-------- INPUT DATA
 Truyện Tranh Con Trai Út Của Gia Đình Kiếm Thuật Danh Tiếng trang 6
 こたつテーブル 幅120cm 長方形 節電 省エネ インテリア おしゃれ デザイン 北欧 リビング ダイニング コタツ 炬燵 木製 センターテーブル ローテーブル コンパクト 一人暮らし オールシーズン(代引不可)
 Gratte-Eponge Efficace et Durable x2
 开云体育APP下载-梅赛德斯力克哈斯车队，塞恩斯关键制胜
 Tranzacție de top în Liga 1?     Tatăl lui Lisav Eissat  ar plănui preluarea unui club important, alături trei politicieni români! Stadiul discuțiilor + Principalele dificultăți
----------------
-------- INPUT DATA
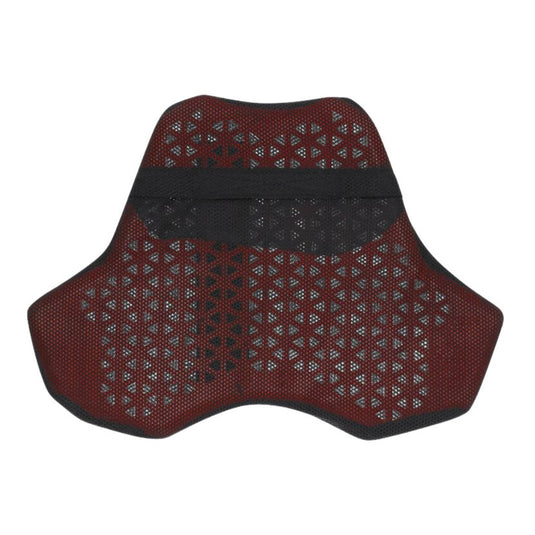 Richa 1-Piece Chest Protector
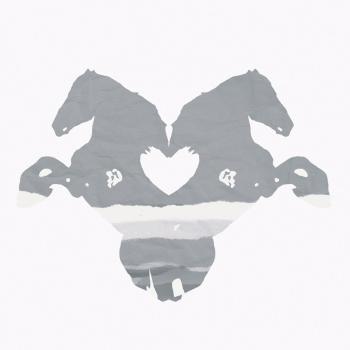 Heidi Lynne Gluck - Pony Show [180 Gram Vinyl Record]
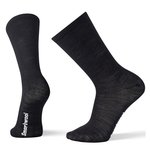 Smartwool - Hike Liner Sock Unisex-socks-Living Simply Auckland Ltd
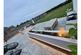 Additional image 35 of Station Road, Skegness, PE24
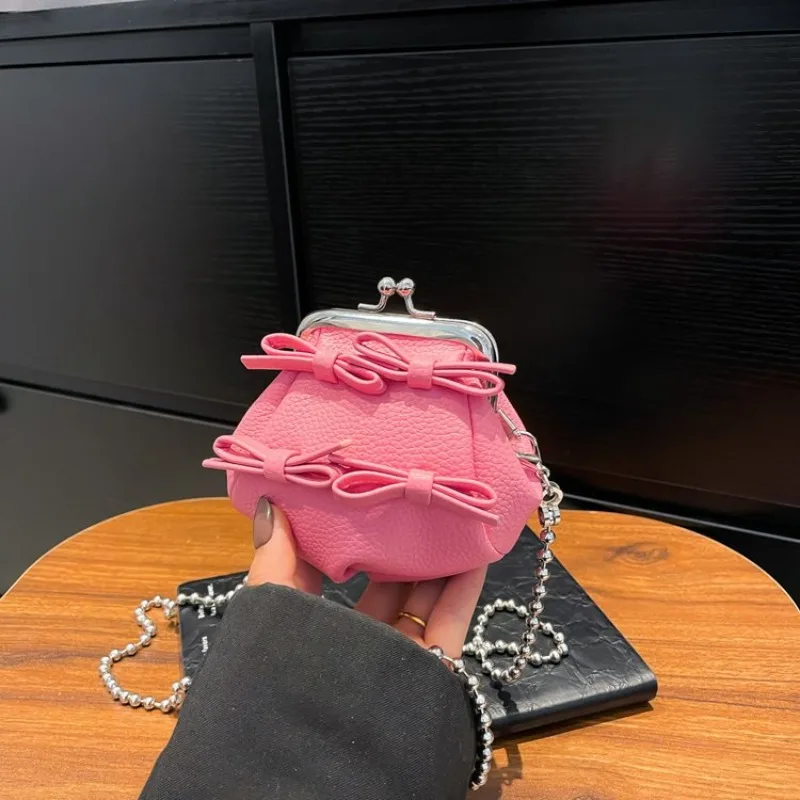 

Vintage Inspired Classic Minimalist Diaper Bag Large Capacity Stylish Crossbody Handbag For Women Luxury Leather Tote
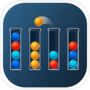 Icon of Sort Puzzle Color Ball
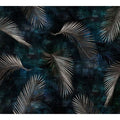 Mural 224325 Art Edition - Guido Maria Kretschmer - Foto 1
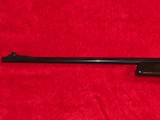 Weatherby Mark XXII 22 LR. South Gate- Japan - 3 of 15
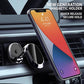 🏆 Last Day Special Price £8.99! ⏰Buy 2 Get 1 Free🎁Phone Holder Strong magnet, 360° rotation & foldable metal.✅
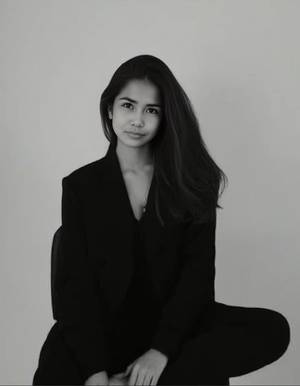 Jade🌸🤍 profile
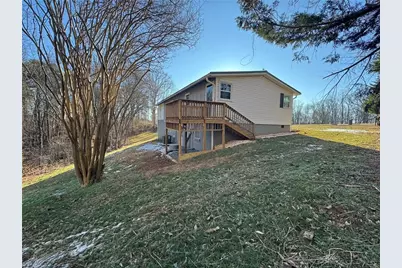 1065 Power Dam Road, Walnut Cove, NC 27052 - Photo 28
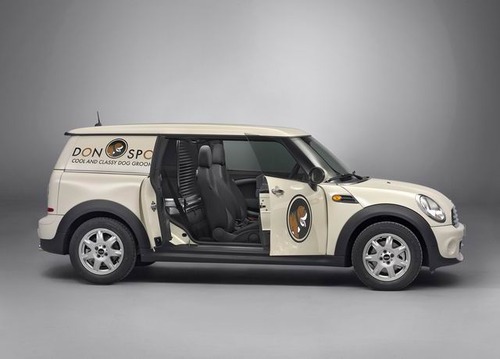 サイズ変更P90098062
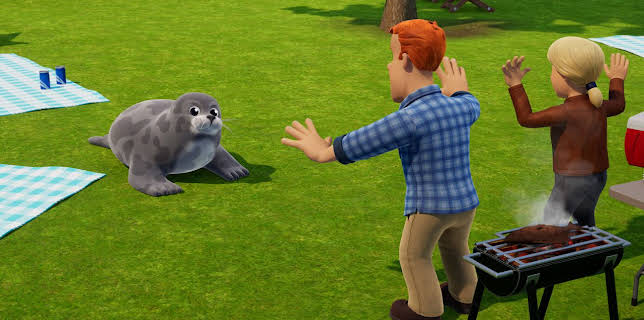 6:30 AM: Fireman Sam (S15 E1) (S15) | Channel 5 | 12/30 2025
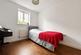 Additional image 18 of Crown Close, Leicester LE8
----------------
(WHAT IS REQUIRED): To complete this exercise, transcribe exactly the lines above from the one that holds "6:30 AM: Fireman" through the one that holds "Additional image 18". Pictures stay out.

(WRITTEN RESPONSE):
 6:30 AM: Fireman Sam (S15 E1) (S15) | Channel 5 | 12/30 2025
 Additional image 18 of Crown Close, Leicester LE8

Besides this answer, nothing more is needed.